Lissa leaned in towards Ed's ear and muttered, "Stop her before this goes too far, please…"
He winced and slowly lifted his hand, trying to get the woman's attention. "Um, excuse me… There was one thing we wanted to ask you…"
Immediately she snapped out of it. "Yes?"
"Do you remember seeing any research belonging to someone named Tim Marcoh?" Ed pressed, seizing the opportunity quickly.
Sheska tapped her chin thoughtfully. "Let's see… Tim Marcoh… Now where do I know that name from?" She then grinned brightly and snapped her fingers, her demeanor brightening in an instant. "Oh! Yes, of course! I remember now!"
"You do?" Lissa glanced at the boys, hopeful.

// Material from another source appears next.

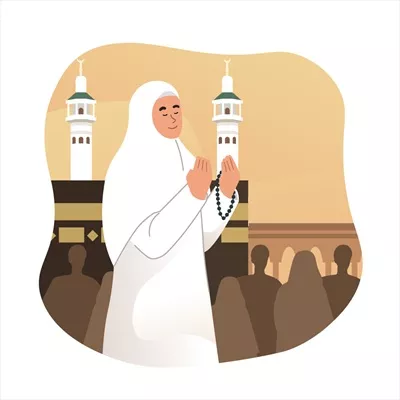 وکتور زن مسلمان در حال نماز خواندن در مقابل کعبه در مکه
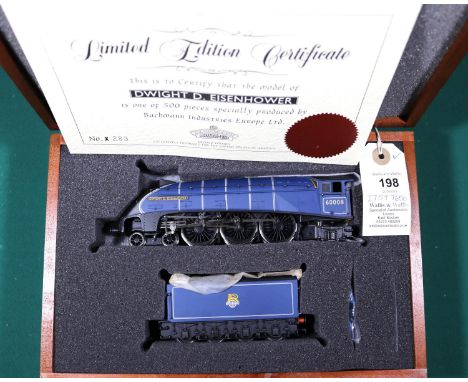 A Bachmann Branchline OO gauge BR Class A4 4-6-2 locomotive, Dwight D. Eisenhower 60008, in lined blue livery. In wooden pres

"Oh, yes," Sheska confirmed with a quick bob of her head. "I'm absolutely positive. There were some handwritten notes stuffed into a bookcase where they didn't belong."
Ed sat up straight, his eyes wide with elation. "The notes really were there after all! So he wasn't leading us on! But that means…" He sank back down and pressed both hands over his face. "Oh no… That means they burned up along with everything else in the library… Dammit…"
"Did you want to read them? Is that why you're asking?" Sheska inquired, frowning.
Sighing, Ed rose to his feet, Al and Lissa following suit. "Yeah. But it's too late now, they're nothing but ashes."
"Sorry to bother you," Al added dejectedly.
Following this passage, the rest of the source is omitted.